WORKING DATA:
- Opening Delimiter -

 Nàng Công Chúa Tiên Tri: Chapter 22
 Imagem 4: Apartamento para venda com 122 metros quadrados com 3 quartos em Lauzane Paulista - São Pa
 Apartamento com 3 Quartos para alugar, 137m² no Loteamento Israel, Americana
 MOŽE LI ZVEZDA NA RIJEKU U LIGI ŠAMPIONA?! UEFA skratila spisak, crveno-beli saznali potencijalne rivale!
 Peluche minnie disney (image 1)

- Closing Delimiter -
- Opening Delimiter -

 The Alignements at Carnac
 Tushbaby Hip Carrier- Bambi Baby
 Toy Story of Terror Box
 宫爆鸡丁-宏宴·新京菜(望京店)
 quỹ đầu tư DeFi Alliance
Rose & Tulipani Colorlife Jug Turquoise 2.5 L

- Closing Delimiter -
- Opening Delimiter -

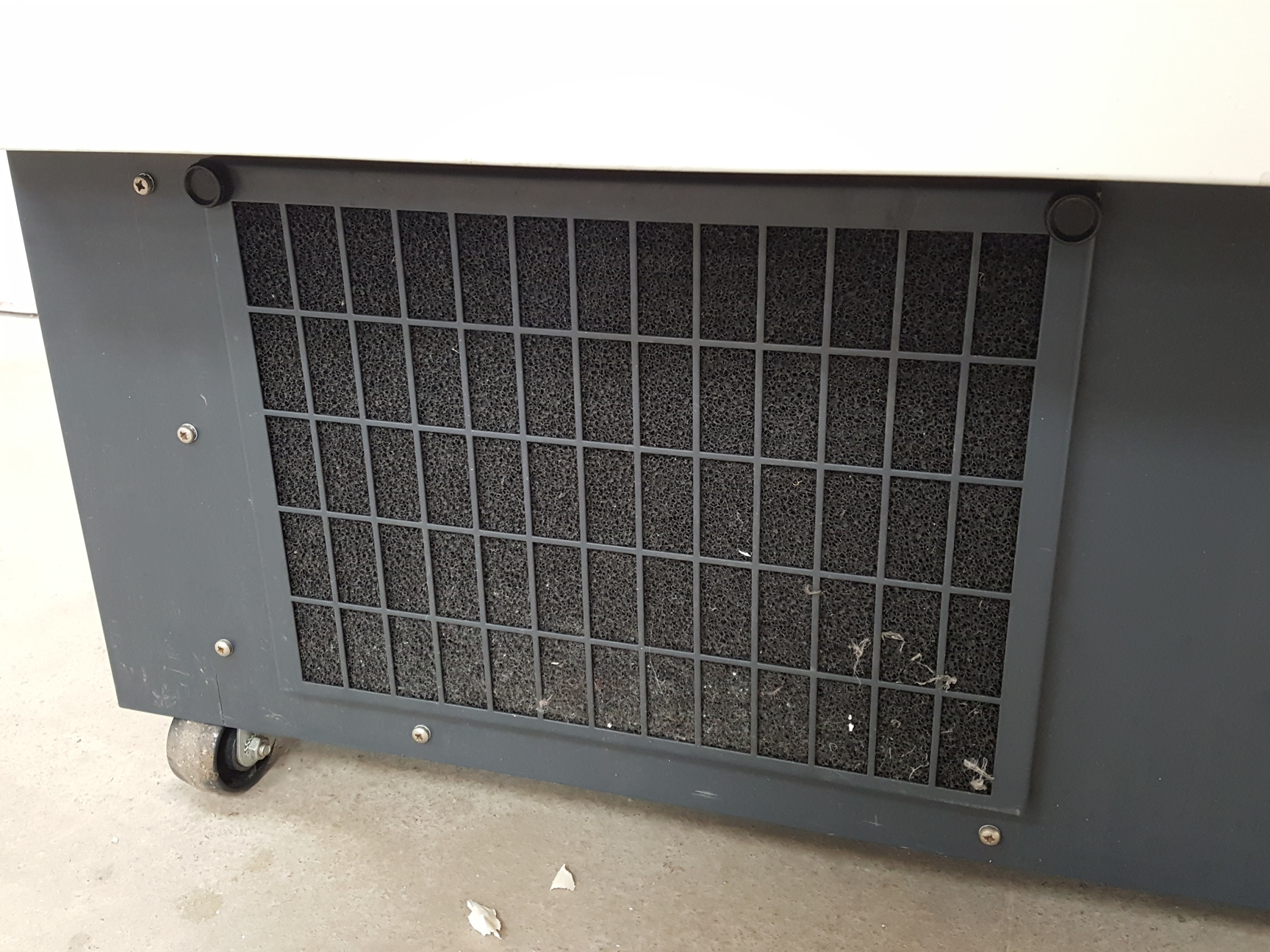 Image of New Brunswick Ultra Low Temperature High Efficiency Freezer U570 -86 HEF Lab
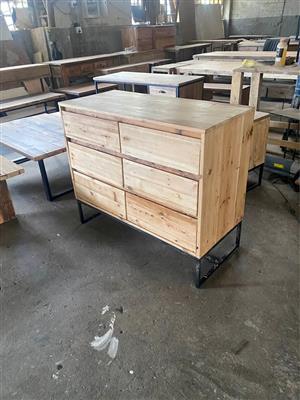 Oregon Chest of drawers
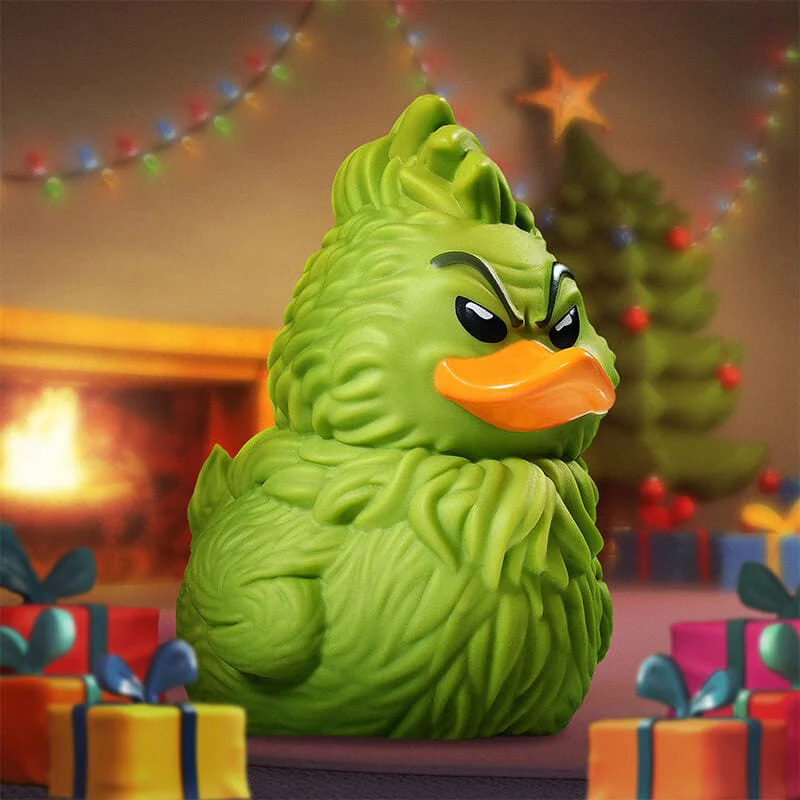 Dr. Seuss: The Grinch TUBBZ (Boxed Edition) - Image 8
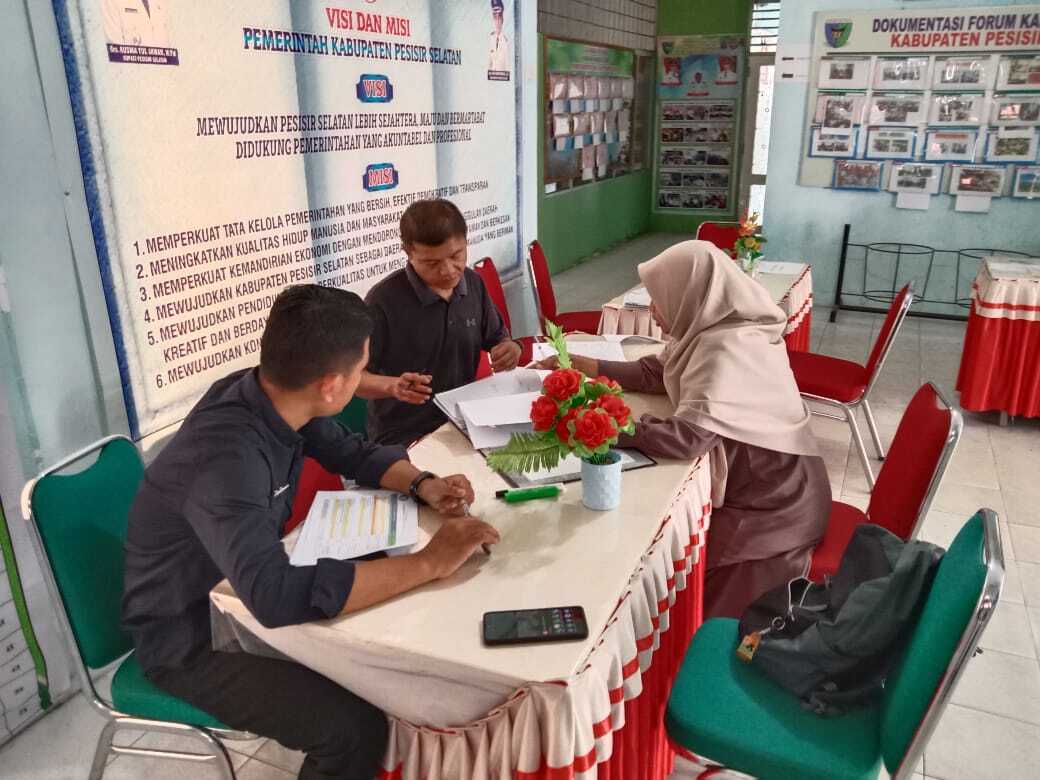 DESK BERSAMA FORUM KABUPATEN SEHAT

- Closing Delimiter -

ABOUT THIS EXERCISE: From the line that has "宫爆鸡丁-宏宴·新京菜(望京店)" through the line that has "Rose & Tulipani Colorlife Jug Turquoise 2.5 L", copy every line exactly as it appears above, and leave out all others.

THE COMPLETED TASK:
 宫爆鸡丁-宏宴·新京菜(望京店)
 quỹ đầu tư DeFi Alliance
Rose & Tulipani Colorlife Jug Turquoise 2.5 L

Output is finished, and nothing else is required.